Iron ore

Iron ores are rocks and minerals from which metallic iron can be economically extracted. The ores are usually rich in iron oxides and vary in color from dark grey, bright yellow, or deep purple to rusty red. The iron is usually found in the form of magnetite (Fe
₃O
₄, 72.4% Fe), hematite (Fe
₂O
₃, 69.9% Fe), goethite (FeO(OH), 62.9% Fe), limonite (FeO(OH)·n(H₂O), 55% Fe), or siderite (FeCO₃, 48.2% Fe).

Ores containing very high quantities of hematite or magnetite (typically greater than about 60% iron) are known as natural ore or [direct shipping ore], and can be fed directly into iron-making blast furnaces. Iron ore is the raw material used to make pig iron, which is one of the primary raw materials to make steel — 98% of the mined iron ore is used to make steel. In 2011 the Financial Times quoted Christopher LaFemina, mining analyst at Barclays Capital, saying that iron ore is "more integral to the global economy than any other commodity, except perhaps oil".

Elemental iron is virtually absent on the Earth's surface except as iron-nickel alloys from meteorites and sporadic forms of deep mantle xenoliths. Although iron is the fourth most abundant element in Earth's crust, composing about 5% by weight, the vast majority is bound in silicate or, more rarely, carbonate minerals, and smelting pure iron from these minerals would require a prohibitive amount of energy. Therefore, all sources of iron used by human industry exploit comparatively rarer iron oxide minerals, primarily hematite.

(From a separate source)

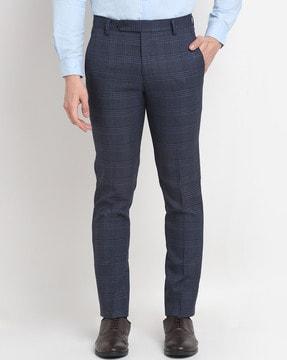 checked slim fit pant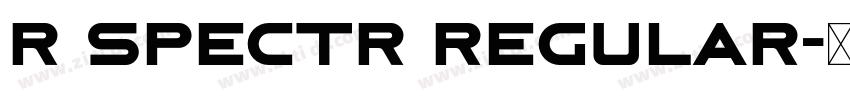 R Spectr Regular字体转换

Prehistoric societies used laterite as a source of iron ore. Before the industrial revolution, most iron was obtained from widely available goethite or bog ore, for example, during the American Revolution and the Napoleonic Wars. Historically, much of the iron ore utilized by industrialized societies has been mined from predominantly hematite deposits with grades of around 70% Fe. These deposits are commonly referred to as "direct shipping ores" or "natural ores". Increasing iron ore demand, coupled with the depletion of high-grade hematite ores in the United States, led after World War II to the development of lower-grade iron ore sources, principally the use of magnetite and taconite.

Iron ore mining methods vary by the type of ore being mined. There are four main types of iron ore deposits worked currently, depending on the mineralogy and geology of the ore deposits. These are magnetite, titanomagnetite, hematite, and pisolitic ironstone deposits.

The origin of iron can be ultimately traced to its formation through nuclear fusion in stars. Most of the iron is thought to have originated in dying stars that are large enough to explode as supernovae. The Earth's core is thought to consist mainly of iron, but this is inaccessible from the surface. Some iron meteorites are thought to have originated from asteroids 1,000 km (620 mi) in diameter or larger.

Banded iron formations (BIFs) are sedimentary rocks containing more than 15% iron composed predominantly of thinly-bedded iron minerals and silica (as quartz). Banded iron formations occur exclusively in Precambrian rocks, and are commonly weakly-to-intensely metamorphosed. Banded iron formations may contain iron in carbonates (siderite or ankerite) or silicates (minnesotaite, greenalite, or grunerite), but in those mined as iron ores, oxides (magnetite or hematite) are the principal iron mineral. Banded iron formations are known as taconite within North America.

The mining involves moving tremendous amounts of ore and waste. The waste comes in two forms: non-ore bedrock in the mine (overburden or interburden locally known as mullock), and unwanted minerals, which are an intrinsic part of the ore rock itself (gangue). The mullock is mined and piled in waste dumps, and the gangue is separated during the beneficiation process and is removed as tailings. Taconite tailings are mostly the mineral quartz, which is chemically inert. This material is stored in large, regulated water settling ponds.